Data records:
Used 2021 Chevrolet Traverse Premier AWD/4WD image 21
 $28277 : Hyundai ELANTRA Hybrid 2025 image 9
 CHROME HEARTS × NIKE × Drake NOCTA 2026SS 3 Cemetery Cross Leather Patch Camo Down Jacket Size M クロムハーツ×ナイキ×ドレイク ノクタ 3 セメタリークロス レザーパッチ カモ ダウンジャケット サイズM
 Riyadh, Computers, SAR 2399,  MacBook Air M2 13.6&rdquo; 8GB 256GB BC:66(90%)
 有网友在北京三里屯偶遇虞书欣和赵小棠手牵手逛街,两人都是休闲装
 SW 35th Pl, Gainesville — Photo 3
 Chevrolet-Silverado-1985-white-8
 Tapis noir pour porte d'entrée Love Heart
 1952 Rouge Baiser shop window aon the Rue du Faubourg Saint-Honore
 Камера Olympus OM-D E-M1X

__WORK REQUIRED__.
All that is needed is the exact run of lines above from the line containing "Riyadh, Computers, SAR" through the line containing "1952 Rouge Baiser", both of them included.

__ANSWER BOX__.
 Riyadh, Computers, SAR 2399,  MacBook Air M2 13.6&rdquo; 8GB 256GB BC:66(90%)
 有网友在北京三里屯偶遇虞书欣和赵小棠手牵手逛街,两人都是休闲装
 SW 35th Pl, Gainesville — Photo 3
 Chevrolet-Silverado-1985-white-8
 Tapis noir pour porte d'entrée Love Heart
 1952 Rouge Baiser shop window aon the Rue du Faubourg Saint-Honore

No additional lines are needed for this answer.